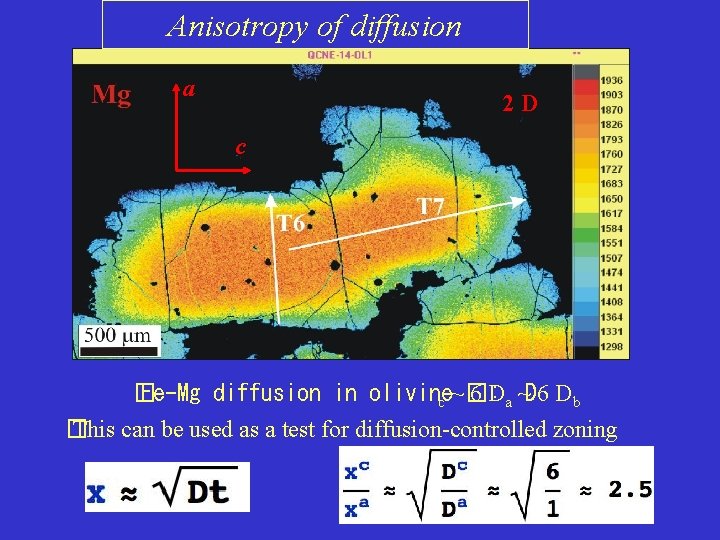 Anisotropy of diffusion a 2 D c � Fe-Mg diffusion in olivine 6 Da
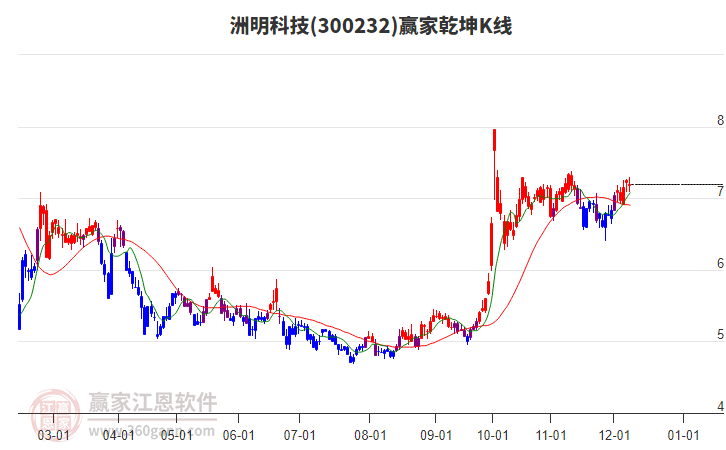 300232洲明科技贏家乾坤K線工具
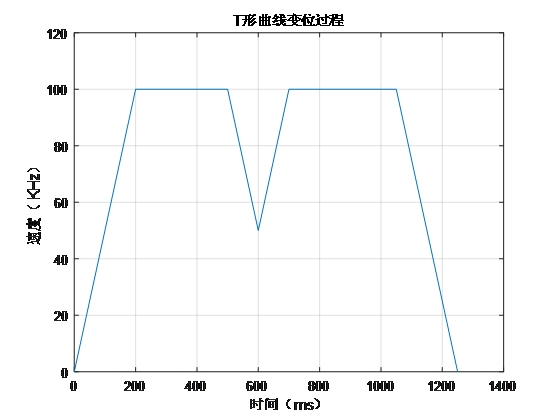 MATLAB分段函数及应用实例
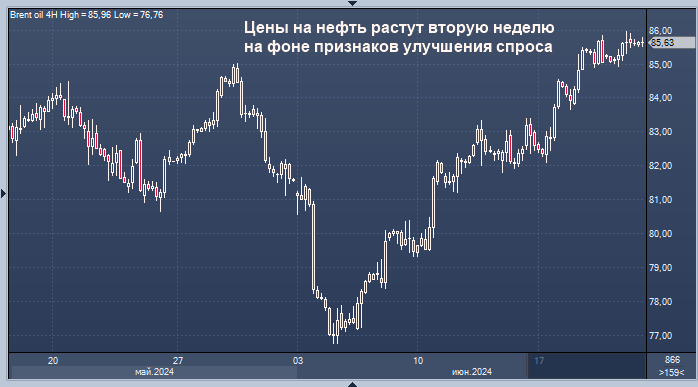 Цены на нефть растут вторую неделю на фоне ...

________________

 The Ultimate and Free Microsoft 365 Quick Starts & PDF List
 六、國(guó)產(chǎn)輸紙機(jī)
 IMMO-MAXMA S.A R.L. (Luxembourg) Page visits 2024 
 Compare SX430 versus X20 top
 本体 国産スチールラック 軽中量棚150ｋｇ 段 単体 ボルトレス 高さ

________________

▶ [Exercise instructions] Return a word-for-word copy of the lines above from the one holding "六、國(guó)產(chǎn)輸紙機(jī)" through the one holding "本体 国産スチールラック 軽中量棚150ｋｇ 段 単体 ボルトレス 高さ", with both of them included and nothing besides.

▶ [Response for this exercise]
 六、國(guó)產(chǎn)輸紙機(jī)
 IMMO-MAXMA S.A R.L. (Luxembourg) Page visits 2024 
 Compare SX430 versus X20 top
 本体 国産スチールラック 軽中量棚150ｋｇ 段 単体 ボルトレス 高さ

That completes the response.